When doing repetition, as described in the previous section, if the repetitive strokes map onto one of the one-dimensional subspaces found between existing templates, they could indicate a gradual transition; for example, a series of curved lines gradually becoming more straight could indicate a morphing progression that could be continued to straightness and possibly beyond.
The $1 recognizer mostly tries to normalize rather than using search, but even so, the researchers apparently found it necessary to use search for angular alignment to get competitive results. In some cases, they seem to have used fairly fragile statistics in order to keep the algorithm accessible to mathematically naïve users: the normalization of X and Y coordinates using the bounding box means that noise in the X coordinate of the single leftmost and rightmost points will be distributed across all the points, and the linear-interpolation resampling scheme guarantees that such noise will occur.
The search used for the optimal rotation is the old-fashioned golden-section search algorithm, which has the advantage of being derivative-free, but has quite slow convergence (slower than binary chop!) and also makes rather strong assumptions about the input.
(An alternative way to match against a template that is insensitive to translation, scaling, and rotation, though not aspect ratio, would be least-squares linear regression in ℂ, the complex-number field. I’ve never done linear regression in ℂ, but I think it’s a straightforward extension of linear regression in ℝ.)
One approach to improving the algorithm would be to use more robust statistics. For example, you could use the standard deviation or quantiles to determine the X and Y scaling factors, and you could use an angle that depends in some way on all the points instead of just the first point to get the initial rotation.
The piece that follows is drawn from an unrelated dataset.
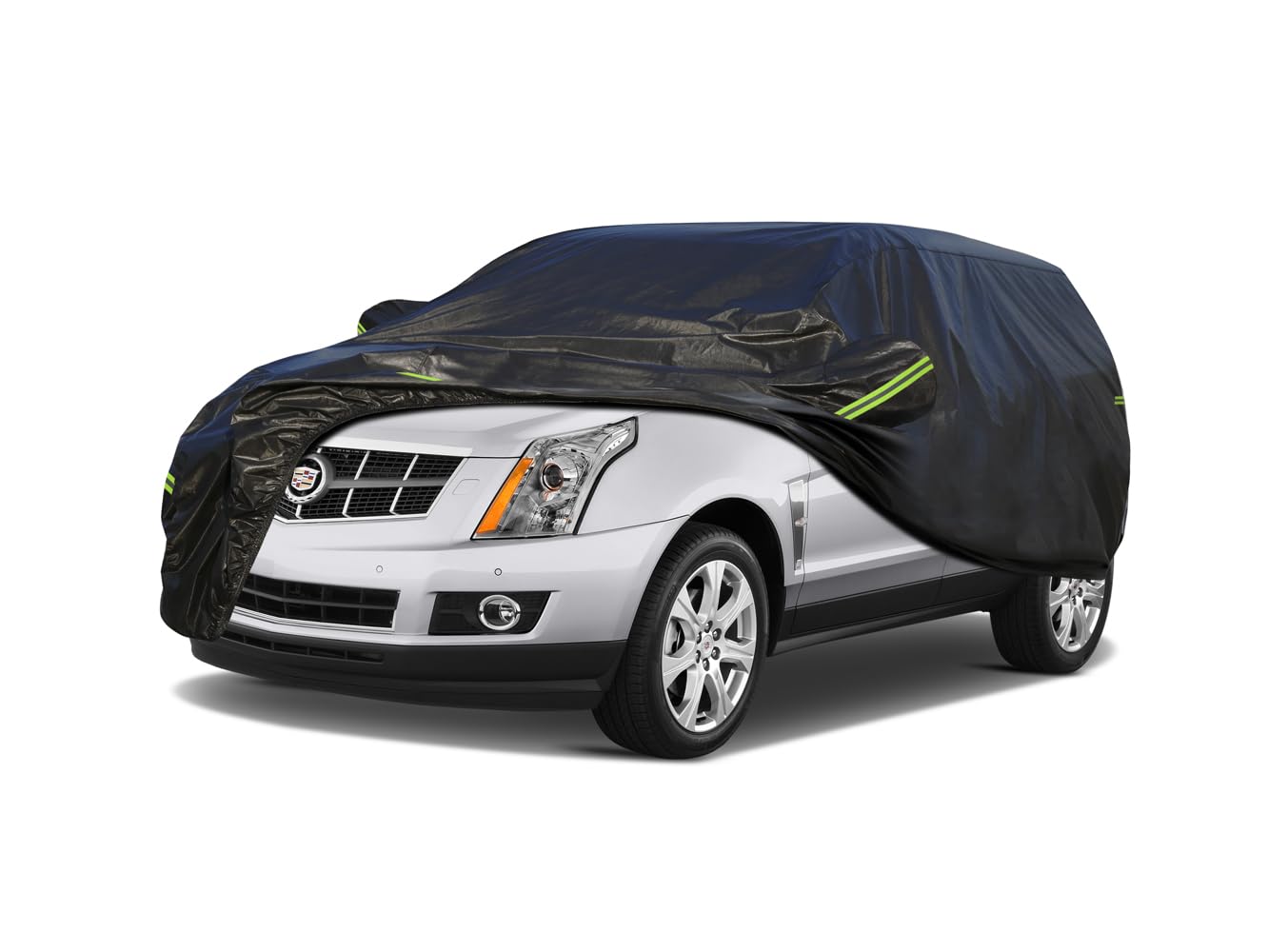 Koukou Waterproof Suv Car Cover Suitable For Cadillac Srx From 2009 To 2016, 7 Layers Windproof All Weather Waterproof Outdoor C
Perhaps a simpler approach, though, is to use a generic optimization algorithm. The function to optimize is already present: it’s the average Euclidean distance from the points of the transformed input stroke to the corresponding points of the template stroke. The objective is to find the transformation that minimizes it; the translation in X and Y, rotation around some arbitrary center, and scaling in X and Y, form five continuously variable parameters out of the six in an arbitrary 2-D affine transformation. (The sixth missing parameter is diagonal shear, and I’m not sure it should be omitted.) With modern automatic differentiation, it should be straightforward to use a generic optimization algorithm like Adam or a quasi-Newton method to search this parameter space for the best fit. This would probably result in a much simpler algorithm, and possibly a faster one as well.
This also allows extreme aspect ratios and rotations to be penalized in a smoother fashion than the original $1-recognizer algorithm.
Using a better resampling algorithm would probably help somewhat as well.
Another issue with the algorithm is that it doesn’t really permit any kind of indexing of the templates; if you are matching each new unistroke against a database of 10,000 64-point templates, it is going to take 640,000 Euclidean-distance computations.
The above hacks don’t help much with indexing, but perhaps absurdly-downsampled versions of the gesture and templates could be used to get a linear speedup on to searching a large index of candidate glyphs — like 4 or 8 points. Some kind of interval-arithmetic categorization or something is needed if you’re going to get a superlinear speedup — some way to put a lower bound on the best distance to any template in a given group, so that you can avoid iterating over the templates in the group.
Alternatively, you might be able to use linear-algebra techniques to speed up the search; if a smallish number of low-dimensional subspaces nearly contain most of the templates (as determined by PCA on subsets of the templates), you can project a user stroke onto each of those subspaces to find out which are plausible candidates (and which are too far away), then perhaps use a k-d tree on the remaining principal components.